When your machine starts making more noise, you understand something must be wrong. Vibration analysis can determine whether it is system noise: cavitation, air flow, piping, or resonance; or machine related: bearing wear, imbalance, looseness, misalignment, etc... But it is not a lot of hocus pocus. All you need to do is understand what type of vibration data to collect, which may be different for each type of equipment, and observe the amplitude & trending.
Since my expertise is with blowers, motors, pumps & gearboxes, my vibration data collection centers primarily on the bearings. We measure in 3 planes: vertical , horizontal, and axial to the shaft. If the vertical and horizontal amplitudes(values) are nearly equal, there is very little, or no imbalance. Imbalance almost always exhibits itself in the horizontal plane. In fact, the difference between the vertical and horizontal readings can be a measure of the amount, or severity, of rotor imbalance.
Axial vibration levels should be less than half of radial(vertical and horizontal) levels. If axials are high, suspect shaft misalignment. With detailed analysis of the vibration spectrums, a trained technician could tell you whether the misalignment is radial, or angular. Some vibration spectrums can tell you if there is looseness, v-belt wear, bearing wear, twisting of the baseplate, or resonance.

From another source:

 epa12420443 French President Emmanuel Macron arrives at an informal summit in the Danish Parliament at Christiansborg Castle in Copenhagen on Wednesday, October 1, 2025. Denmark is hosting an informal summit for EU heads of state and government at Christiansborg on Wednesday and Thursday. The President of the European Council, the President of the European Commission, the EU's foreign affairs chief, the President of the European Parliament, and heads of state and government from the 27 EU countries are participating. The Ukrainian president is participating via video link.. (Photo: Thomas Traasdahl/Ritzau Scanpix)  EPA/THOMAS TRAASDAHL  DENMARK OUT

Most good analyzers now have a measurement for bearing condition. It is often called an envelope spectrum that is a snapshot of the high bearing frequencies that is extrapolated, "computerized" with an FFT calculation, and then given a severity value. With my software, 0 - .05 g's/sec is considered measurement of a new bearing, .10 - .30 g's/sec. is a good running bearing, and .75 g's/sec is considered a worn, or even bad, bearing.
However, true vibration analysis must incorporate trending. Measure the vibration now, then in a week from now, and then maybe in a month from now, to see if the vibration is changing in amplitude or frequency. A vibration amplitude that increases from one day to the next, confirms the problem is getting worse. By the same token, if you measure a relatively high reading, and it doesn't change over the course of a week, month, or even a year, this could be "normal" for a particular point on a machine.

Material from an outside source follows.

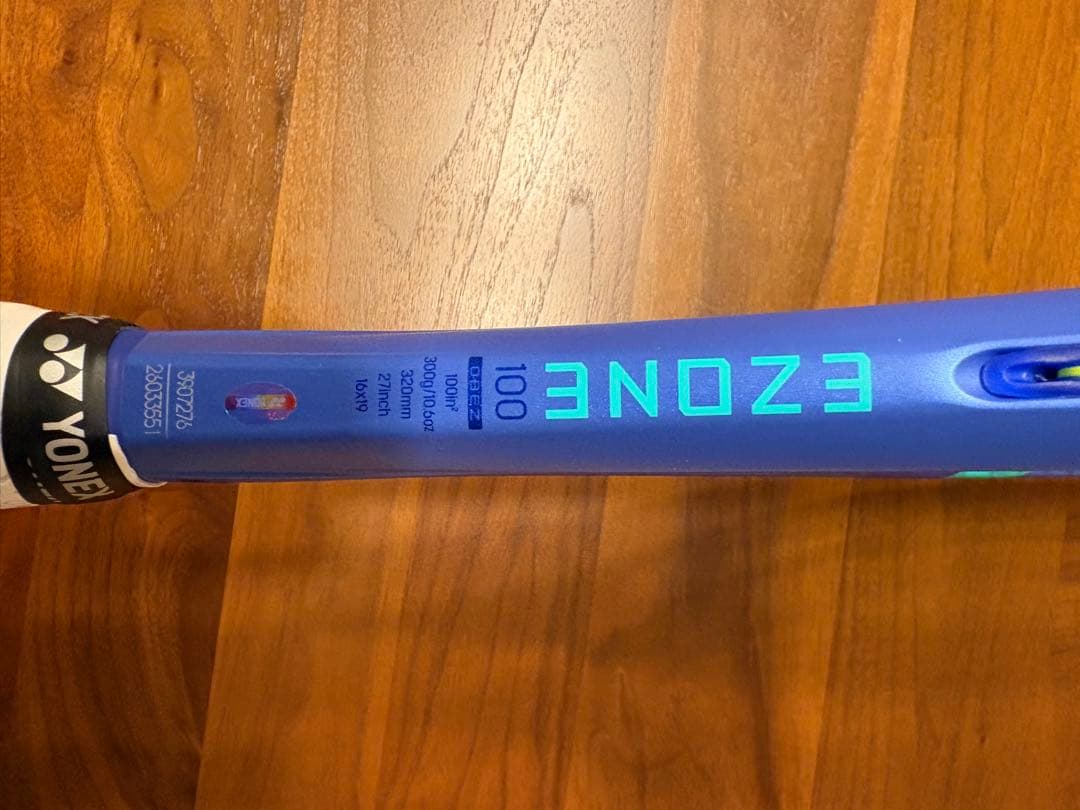 ヨネックス　イーゾーン100 YONEX EZONE100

Likewise with a bearing condition reading. I could measure .50 g's/sec on a bearing and think it may be going bad, but after 6 months it doesn't change, than I may be picking up other high frequency noise. Maybe from other machines in the room, or the floor above or below, or even air noise through the butterfly valve. I've opened the inlet b-fly valve on an air blower and "improved" the bearing condition.
Vibration analysis can be considered expensive, and not everyone can be trained to understand spectrum analysis. But as a tool in your own PM program, it will prove itself and save you many $$ in repair costs. Invest in PM, it will save you money!